The whole listing is to be given again without alteration, except that its pictures are dropped.

[Start of Attachment]

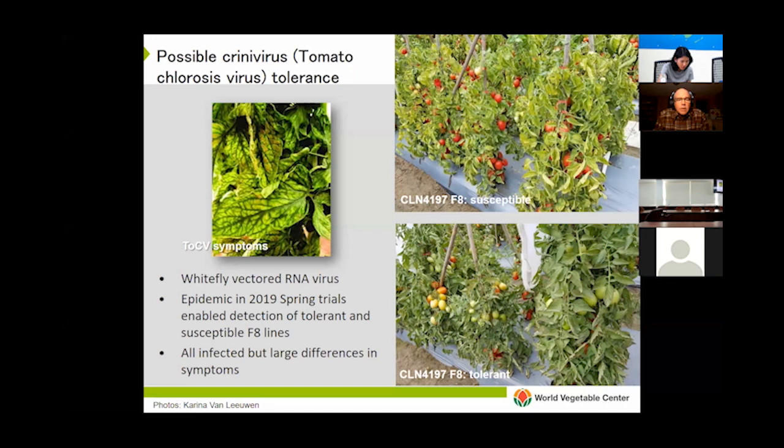This year we also have criniviruses — the particular species being tomato chlorosis virus — and we've seen the same thing: some lines remain green while others develop very strong yellowing symptoms. This provides more convincing evidence that, besides begomovirus resistance from multiple TY genes, the selected lines do offer some crinivirus tolerance as well. That was a pleasant surprise — it doesn't happen very often this way, but when it does, it's nice.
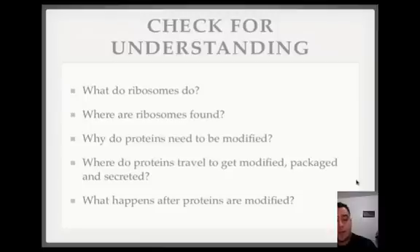Where do proteins travel to get modified, packaged, and secreted? The Golgi apparatus is the one that does all this fixing, packaging, and releasing. What happens after proteins are modified? They can either be sent out of the cell through exocytosis to have a function — maybe they have to go to another cell — or they can stay within the cell and function as lysosomes or other proteins. Remember, proteins are enzymes and have a lot of functions; there are thousands of roles for proteins.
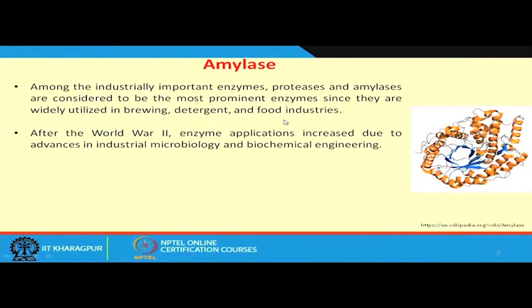Sometimes a stain due to fatty material can be removed using lipase, and starchy material contributing color to our clothes can also be removed by amylase. In the brewing industry, the first step is the malting process, through which we develop hydrolytic enzymes like alpha amylase and protease during germination. After World War II, enzyme applications increased due to advances in industrial biotechnology and biochemical engineering.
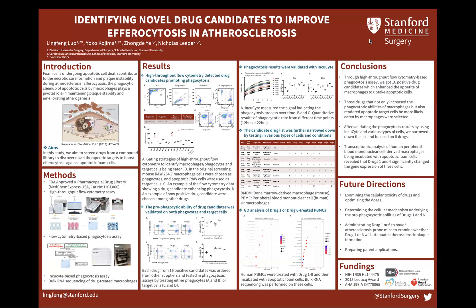We then used each drug candidate to treat either macrophages or target cells to see if they could increase efferocytosis in both directions. Eight drug candidates passed this step. To validate these findings, we used another efferocytosis assay based on Incucyte.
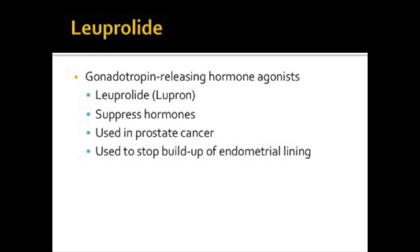Luprolide, or Lupron, is a synthetic gonadotrophin-releasing hormone agonist. It works by decreasing levels of certain hormones produced by the testes and ovaries. This can be used for prostate cancer to stop the growth of certain tumors that need these hormones to grow. It can be used in women to treat symptoms of endometriosis, which is an overgrowth of the uterine lining outside of the uterus, or also for uterine fibroids. Monthly injections can be given, but they're not used for more than six months.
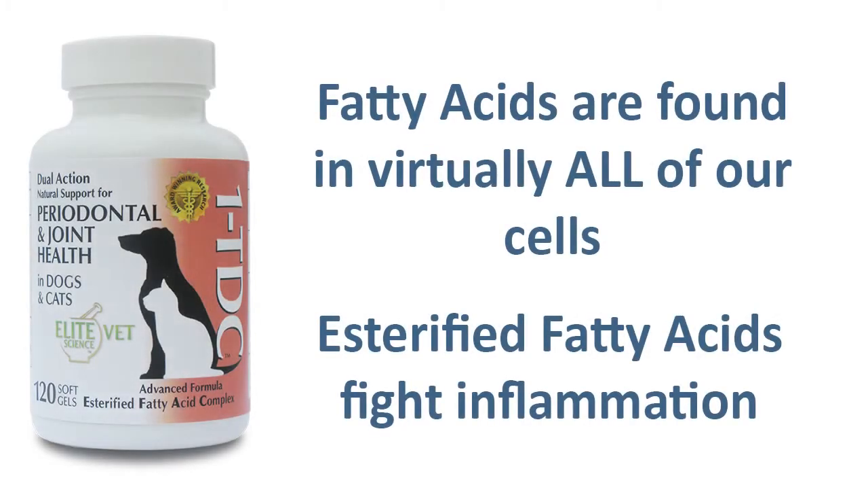Fatty acids, including esterified fatty acids, are found in virtually all of our cells. They belong to a broad class of substances called lipids and are molecules that we cannot live without. Lipids are constantly transformed in our bodies into different structures, each with their own role in assisting metabolism.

[End of Attachment]

:: RESULT FOR THIS EXERCISE ::
This year we also have criniviruses — the particular species being tomato chlorosis virus — and we've seen the same thing: some lines remain green while others develop very strong yellowing symptoms. This provides more convincing evidence that, besides begomovirus resistance from multiple TY genes, the selected lines do offer some crinivirus tolerance as well. That was a pleasant surprise — it doesn't happen very often this way, but when it does, it's nice.
Where do proteins travel to get modified, packaged, and secreted? The Golgi apparatus is the one that does all this fixing, packaging, and releasing. What happens after proteins are modified? They can either be sent out of the cell through exocytosis to have a function — maybe they have to go to another cell — or they can stay within the cell and function as lysosomes or other proteins. Remember, proteins are enzymes and have a lot of functions; there are thousands of roles for proteins.
Sometimes a stain due to fatty material can be removed using lipase, and starchy material contributing color to our clothes can also be removed by amylase. In the brewing industry, the first step is the malting process, through which we develop hydrolytic enzymes like alpha amylase and protease during germination. After World War II, enzyme applications increased due to advances in industrial biotechnology and biochemical engineering.
We then used each drug candidate to treat either macrophages or target cells to see if they could increase efferocytosis in both directions. Eight drug candidates passed this step. To validate these findings, we used another efferocytosis assay based on Incucyte.
Luprolide, or Lupron, is a synthetic gonadotrophin-releasing hormone agonist. It works by decreasing levels of certain hormones produced by the testes and ovaries. This can be used for prostate cancer to stop the growth of certain tumors that need these hormones to grow. It can be used in women to treat symptoms of endometriosis, which is an overgrowth of the uterine lining outside of the uterus, or also for uterine fibroids. Monthly injections can be given, but they're not used for more than six months.
Fatty acids, including esterified fatty acids, are found in virtually all of our cells. They belong to a broad class of substances called lipids and are molecules that we cannot live without. Lipids are constantly transformed in our bodies into different structures, each with their own role in assisting metabolism.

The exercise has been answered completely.